Como la letra – literalmente - con sangre no entró, el turno fue para la práctica. Las planas. Cuadernos interminables que debió llenar con abecedarios, palabras y frases sospechosamente conectadas al complejo de Edipo (“mi mamá me ama”); animales de comportamientos extraños (“ese oso pisa mi masa); y actividades cotidianos o no tan cotidianas (mi papá rema rápido, esa señora pone un mono a mi muñeca cada mañana).

Más allá del mensaje, el asunto era de estética. Las letras no debían torcerse y, sobre todo, no debían salirse del renglón. Como la primera hoja del primer cuaderno estaba llena de caracteres deformes y desubicados y en cambio la última también, la profesora cambió la cancha. Las planas siguieron ahí, pero en cuadernos ferrocarril, aquellos que tenían lineas impresas de distinta altura. 

Se trataba de un recurso diseñado para desarrollar la habilidad de escribir adecuadamente respetando la proporción entre mayúsculas y minúsculas, y nivelar la altura de las letras. Así que Wilfredo llenó uno tras otro de esos cuadernos de letras tan proporcionadas como incomprensibles. Y a medida que pasaron los años de las planas repetitivas se pasó a la transcripción de párrafos, páginas y hasta capítulos de libros, pero letra que nace torcida, jamas su trazo endereza.

Como el departamento de planas no dio mayores resultados, el siguiente paso fue la psicología. Conversaciones en el aula y en entornos más personalizados sobre lo que una buena letra reflejaba de una persona, sobre la importancia de que los demás vieran la pulcritud y cuidado a la hora de escribir. Observaciones de las que Wilfredo tomó atenta nota con sus torcidos y desproporcionados caracteres.

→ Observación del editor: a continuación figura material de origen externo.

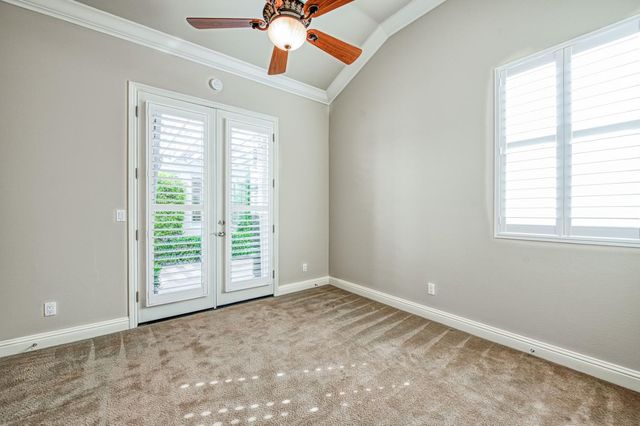 69 W Powers Avenue, Clovis, CA 93619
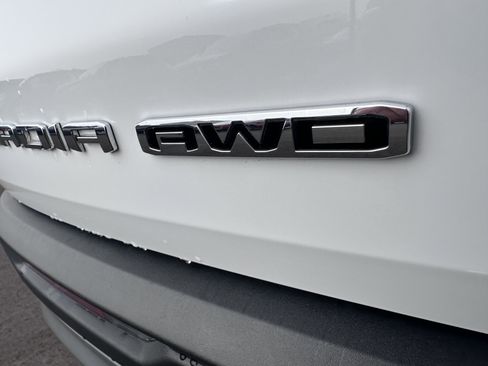 Used 2025 GMC Acadia Elevation image 8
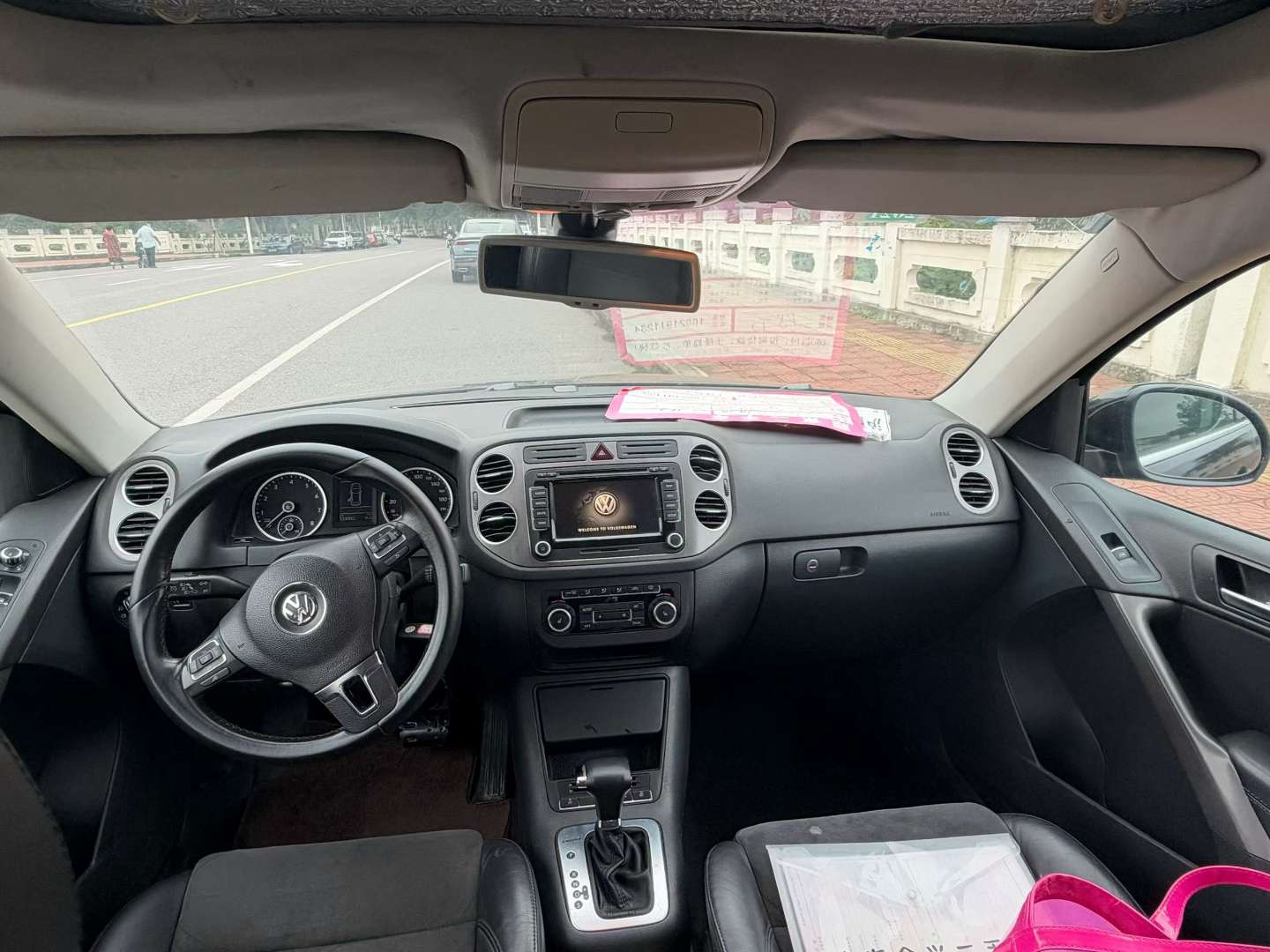 Volkswagen Tiguan 2012 2.0T 4WD Top Trim 9
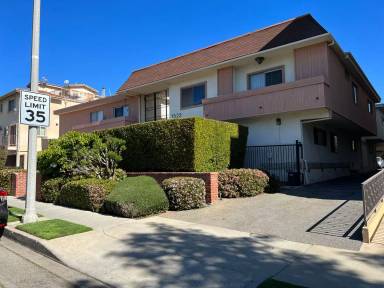 Main picture of 1522 S Centinela Ave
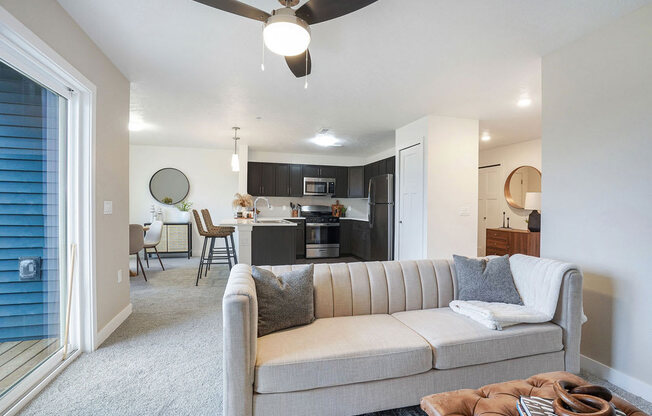 Spacious Living Area at Meadowbrooke Apartment Homes in Kentwood, MI 49512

La batalla duró casi toda la primaria e incluso el bachillerato, con observaciones tipo “no entiendo lo que dice ahí” en los previos, quizes, parciales y trabajos a mano. Pero aquello de despacito y buena letra solo se quedó en el primer enunciado para Wilfredo. 

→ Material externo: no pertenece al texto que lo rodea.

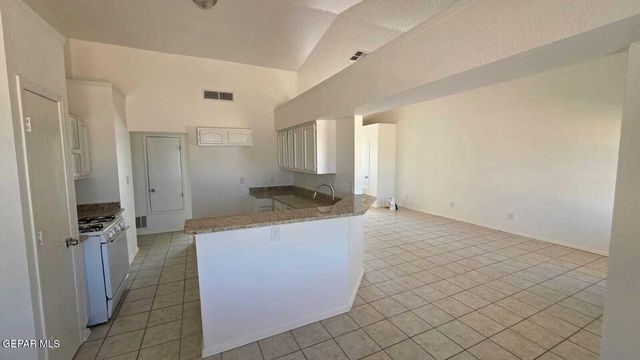 1529 PLAZA VERDE Drive, El Paso, TX 79912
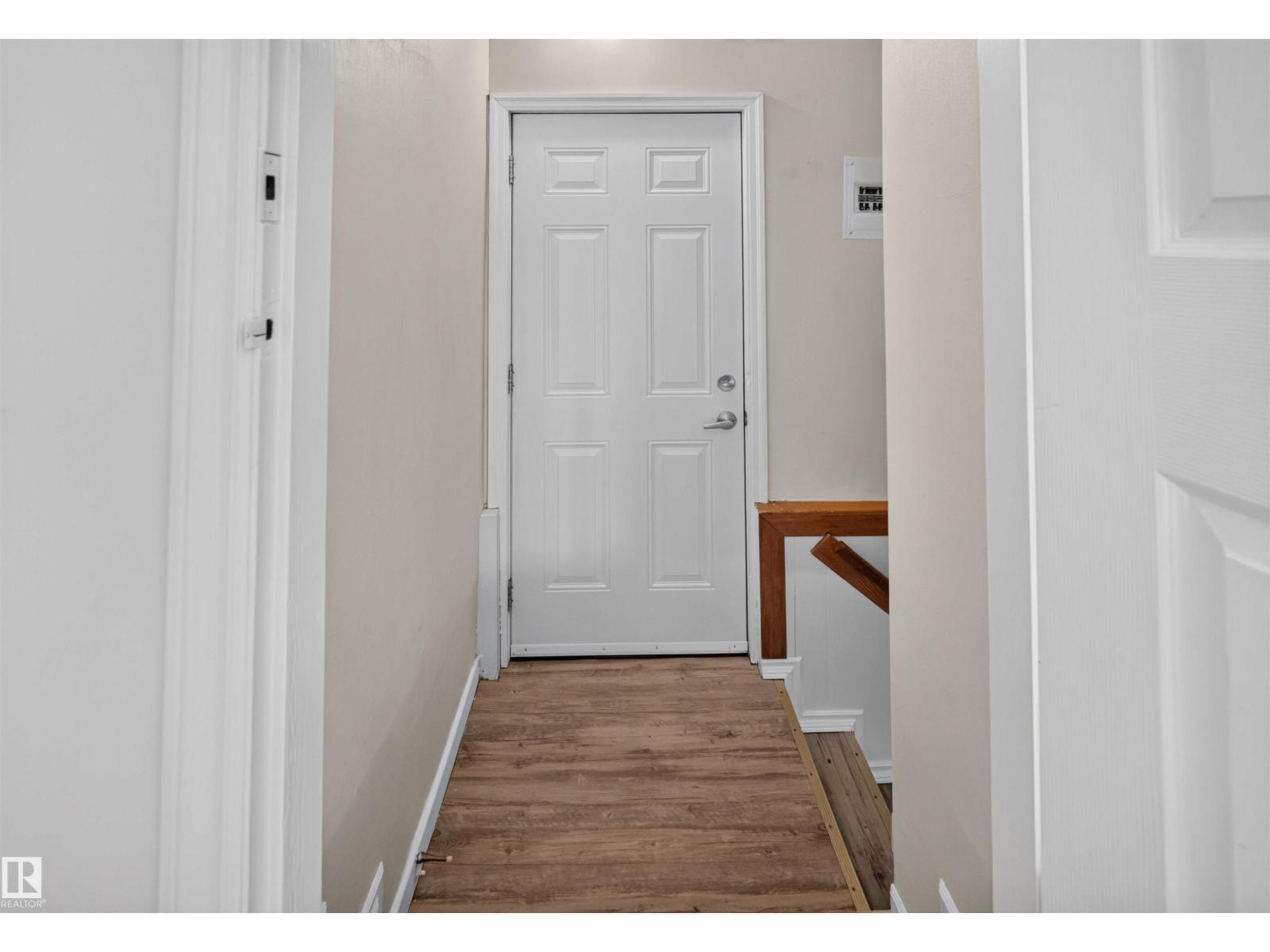 8817 91 ST NW - 10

Hoy son tiempos de teclados, pantallas e impresoras y presentar textos con una buena caligrafía está al alcance de cualquiera. Sin embargo, cuando Wilfredo garabatea cualquier cosa en un papel y revisa sus notas, no puede evitar pensar en profesoras y profesores que tanto tiempo y esfuerzo dedicaron a una causa perdida.

Esta gente solo quería hacer su trabajo. Pero fracasaron. Dieron su mejor esfuerzo sin siquiera acercarse a la meta. Esa letra no la entiende nadie.